His Mercies Never Cease…

"The steadfast love of the Lord never ceases. His mercies never come to an end. They are new every morning. Great is your faithfulness."

-Lamentations 3:22-23

How are we doing?

Many people have reached out to ask how we are doing as we process the sadness of a failed match. Everyone has been gracious about not bombarding us but by reaching out in simple ways to let us know they are with us. Thank you all! So here is an update:

The past few days have been hard, but between the feelings of hurt and anger, we know there is no amount of information that will satisfy our questions or give us any more answers, so we simply aren't asking. We will never understand why they chose to run away and leave only a note behind, why their car was destroyed prior, or where they are now.

Looking back, I remember that from the very beginning, we had many unanswered questions. The circumstances surrounding how they decided to move forward with an adoption plan was strange, and we will never know the events surrounding how they ended up in Utah in the first place. Apparently, baby boy's birth parents were on their way from California to a nearby state and stopped off in Vegas, or maybe it was on the way, where they were robbed and lost all their money and possessions. They then started living in their car, and when they ended up in a Walmart parking lot in Utah, they met another woman who had worked with our agency to have her child adopted and "given a chance for a more stable life" She told them how great her experience was, so baby boy’s birth parents contacted the agency. The rest of the story, you probably know. They picked us out of 40 profiles, and we got our first match on November 10th. To say we were excited is an understatement. At first, we were wary of celebrating because the fear of a failed match always crosses your mind at some point. But as we neared the end of this waiting period and baby boy's due date, we decided we needed to start preparing our home and buying the essentials (and some fun stuff too). I even had his suitcase already packed and his nursery finally complete as we hung up his bookshelves.

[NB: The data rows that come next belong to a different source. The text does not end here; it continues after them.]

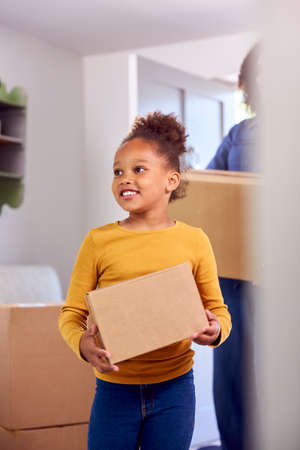 Girl Helping Mother To Carry Boxes Into New Home On Moving In Dayの写真素材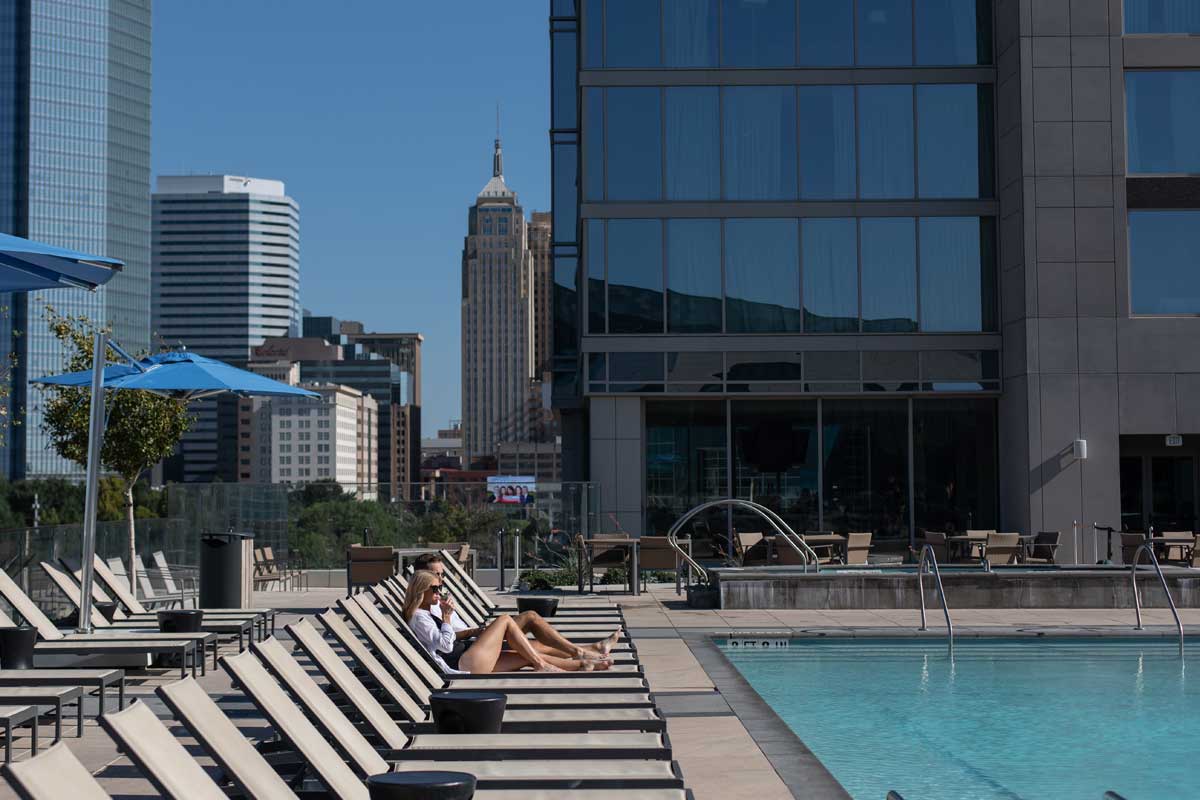 Couple lounging poolside.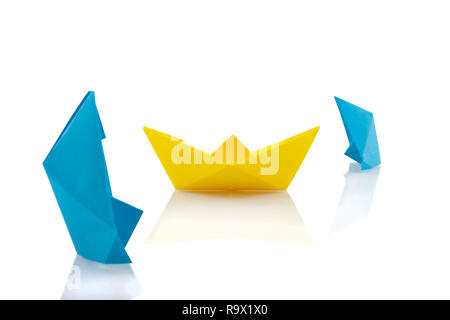 Sinking Ship Origami Tutorial Sinking ships, origami concept Stock Photo - Alamy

The sadness of that room is becoming more real every day as it sits empty. And I am left wondering why I prepared my coworkers for maternity leave, why we had to cancel flights, accommodations, and our plans to bring home this precious baby boy. Why did we have to be the ones to go through a failed match after all we have been through already…but then Lamentations 3:22-23 came to mind, specifically "His mercies never come to an end" I am reminded that I may never know the answers to these questions, or maybe God will reveal them to us in time. Still, no matter what, His mercies NEVER cease. He will keep us and guide us through this ugly time of heartache and pain. Today I am looking forward to our next match, not to the stress that is sifting through cases, but to the end result. To the day when we finally get to call that child ours, the child God has prepared for us, that he has ordained to grow up in our loving home.

Please keep us in your prayers as we move forward. As we are stuck in yet another painful "waiting" period, it will be hard but not unbearable. People like you who have reached out to tell us your stories have made us feel less alone and have made this situation more bearable. We are praying for you too, for your loss and heartache, but also your joys. For those of you who are finally expecting a child after years of infertility or those, who like us, have matched and are waiting to bring your child home, we celebrate with you! We know when our time comes, you will celebrate with us. I thank God for every one of you; we are blessed to be surrounded by a mighty community of family and friends.